= Medical respite care =

Type of medical care

Medical respite care, also referred to as recuperative care, is acute and post-acute medical care for homeless persons who are too ill or frail to recover from a physical illness or injury on the streets but are not ill enough to be in a hospital.

Unlike “respite” for caregivers, “medical respite” is short-term residential care that allows homeless individuals the opportunity to rest in a safe environment while accessing medical care and other supportive services. Medical respite programs provide hospitals with an alternative to discharging homeless patients to the streets or to unequipped shelters when patients would otherwise be discharged to their homes for self-care and recuperation. Typical services at these centers include: 24/7 housing available to patients, on-site medical care, social services, post hospital rehabilitation services and support, and transportation assistance for outpatient care. In addition to providing post-acute care and clinical oversight, medical respite programs seek to improve transitional care for this population and support patients in accessing benefits and housing.

Medical respite programs are offered in a variety of facilities, with many being collaborations between local shelters or motels and mobile clinical teams, or separate facilities that provide 24/7 care (such as nursing facilities or stand-alone facilities).

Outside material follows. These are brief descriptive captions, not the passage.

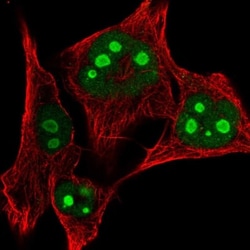 RPL24/RLP24 Antibody, Novus Biologicals:Antibodies:Primary Antibodies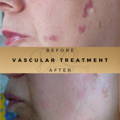 IPL Vascular Lesion Removal Wilmslow Dr Sknn Before & After Picture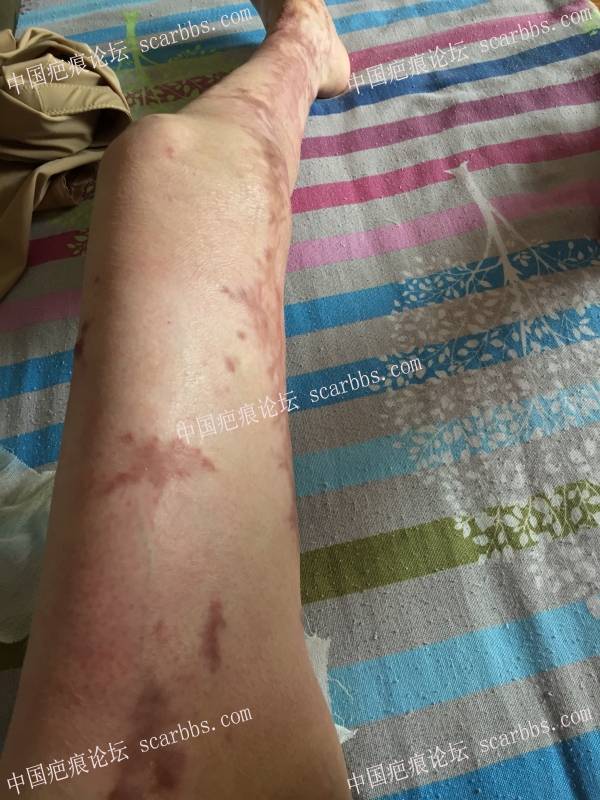 烧伤近一年时间，煤气漏气烧伤70%面积，双下肢较严重，希望疤友给点治疗建议 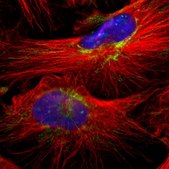 Anti-MRPL40 antibody produced in rabbit Prestige Antibodies® Powered by Atlas Antibodies, affinity isolated antibody, buffered aqueous glycerol solution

Some hospitals collaborate with homeless service organizations to create medical respite programs, or to pay a per diem fee for the patients that they discharge to the respite facilities.

== History ==
Medical respite programs began in the 1980's in response to the growing homeless population, and expanded near the beginning of the 2000s. In 1999, the national Respite Care Providers' Network (RCPN) was formed from a group of respite care providers, who advocated for continued support and funding for respite programs. The introduction of EMTALA led to the increase of those who were experiencing homelessness to use emergency departments as primary care facilities, there has been an increased need for facilities to discharge patients experiencing homelessness who often need a space to recuperate after their hospital stay.

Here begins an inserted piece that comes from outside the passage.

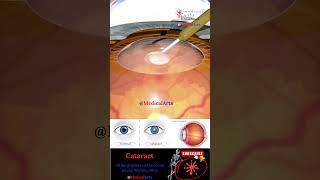 Cataract  Lens Implant  Medical Arts Shorts  3d animation surgery [upl. by Vitoria]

As of 2024, over 150 medical respite programs have been established across the United States. The largest facility is based out of Boston, Massachusetts (United States), called the Barbara McInnis House. The national average length of stay in medical respite programs is 40 days (30 days median).

== Impact ==
Many studies have found that medical respite programs have decreased future hospital admission, and reduced 90-day hospital readmissions and hospital length of stay for discharged patients. A study out of Chicago looking at the impact of medical respite care on future hospitalizations found that patients who accessed medical respite care required fewer hospital stays (3.7 vs. 8.3 days) in the 12-months after program participation than those discharged from the hospital to the street or shelter. Another study out of Boston found similar results with homeless patients requiring 50% fewer hospital readmissions in the 90-days following medical respite program participation than those released to their own care (the street or shelter). There have been no reported effects of respite programs on future emergency department visits for discharged patients.

Medical respite programs also may have benefits on patients housing status after their discharge, moving from homeless or emergency sheltered to longer term shelters or temporary housing. In a 2022 study of a medical respite program in Alberta, 65% of discharged patients obtained housing within weeks of their stay. Another 2022 study in Vancouver, there was a 42% improvement of discharged patients housing situation to a more long-term housing option.